**Exercise instructions**
Exactly and only the lines from the one with "MyLab™A50 versatile ultrasound system" through the last line of the records need to be set down; please skip the pictures.

**Dataset content**

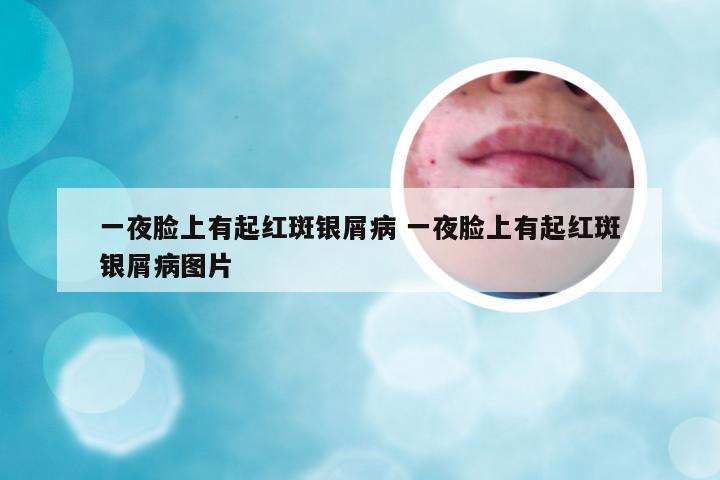 一夜脸上有起红斑银屑病 一夜脸上有起红斑银屑病图片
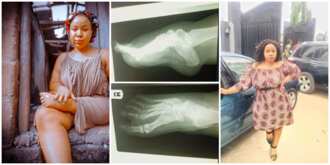 Lady Born with One and Half Leg Says she is Tired of Pains and Injuries, Begs Nigerians to Help Her Walk Again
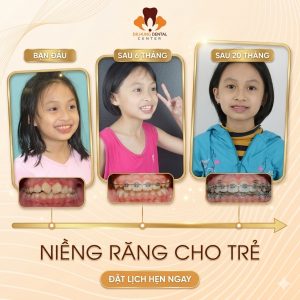 niềng răng cho trẻ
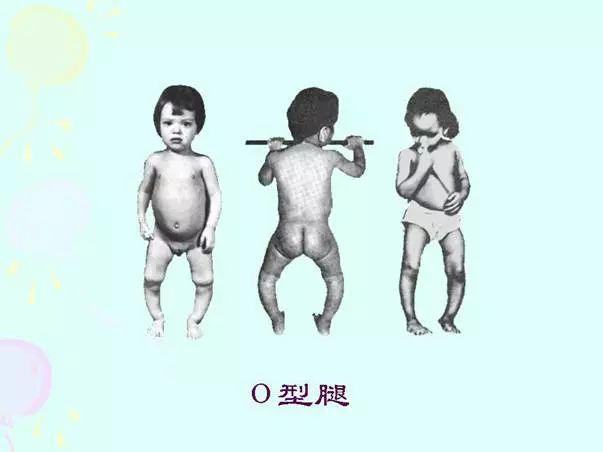 缺钙的宝宝会由于骨质软,表现为"x"形腿或者"o"形腿,肌肉松软无力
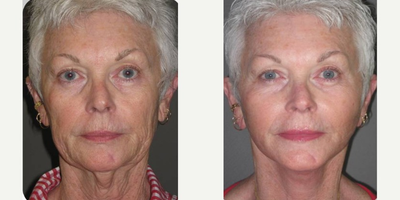 65-74 year old woman treated with SMAS Facelift - This woman with fair skin and years of sun exposure wished for improvement of her lower half of her face along with her neck.  Specifically, she wished for a tighter feel of her skin and some reduction of her wrinkles.  We performed a SMAS lower facelift where both the underlying muscle and skin were tightened.  This allowed her to achieve a result where the feel, shape, and appearance of her lower face and neck were significantly improved while still maintaining a natural healthy appearance.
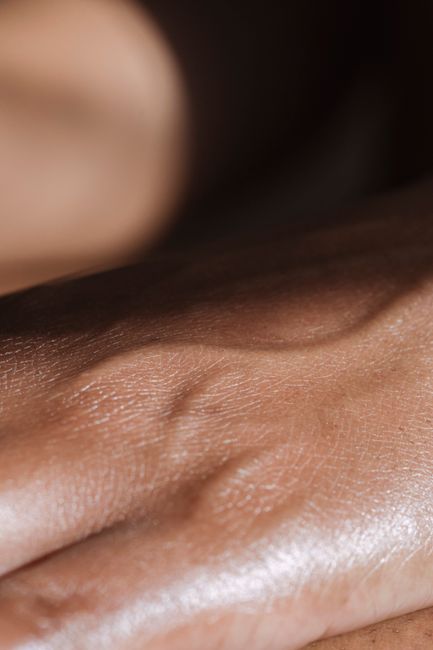 Smoother skin texture after acne scar and pore treatment in Seoul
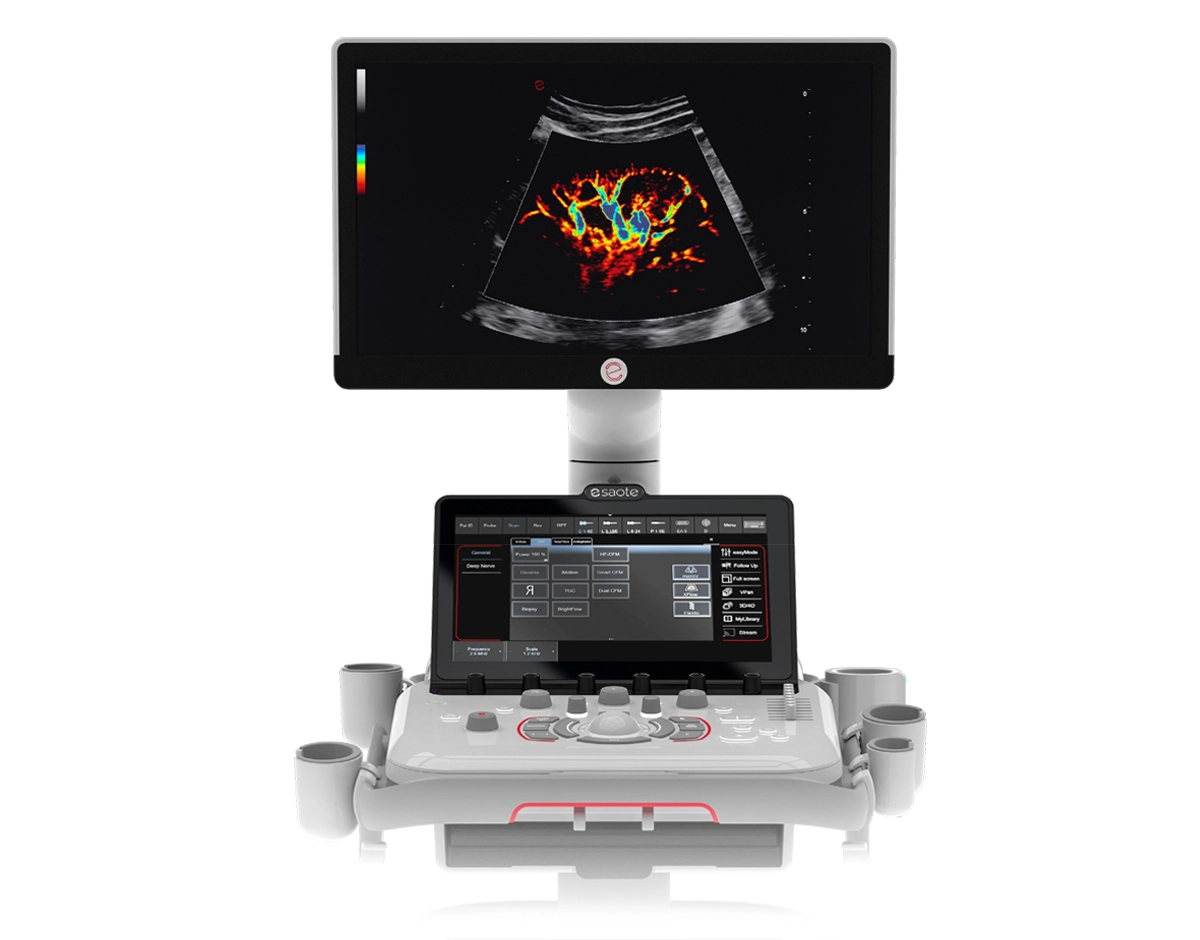 MyLab™A50 versatile ultrasound system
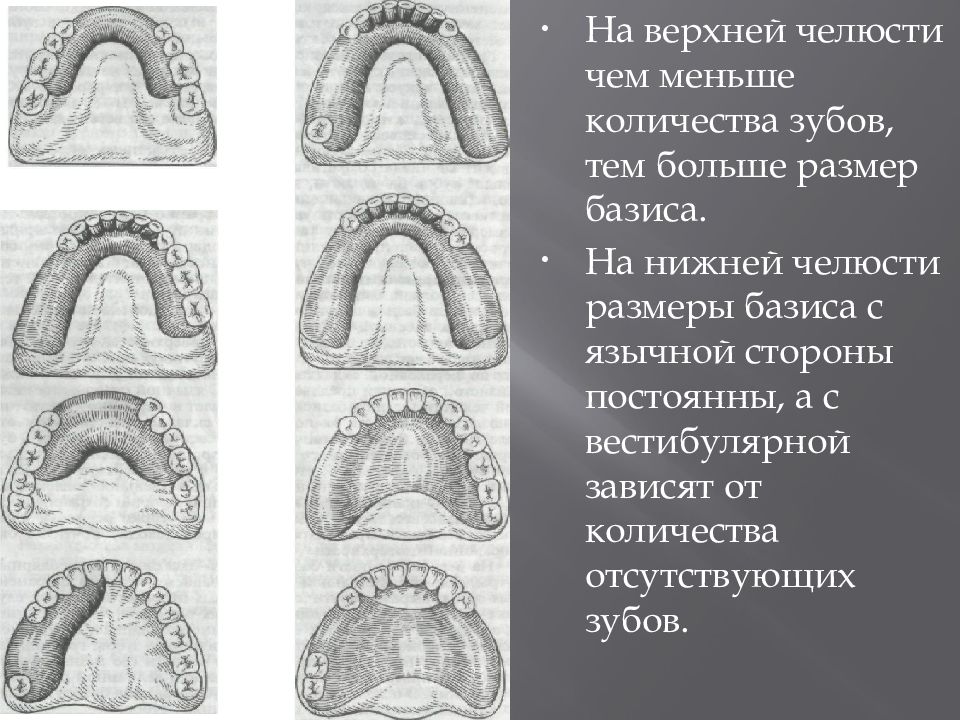 Резекция верхней челюсти презентация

**Answer section**
 MyLab™A50 versatile ultrasound system
 Резекция верхней челюсти презентация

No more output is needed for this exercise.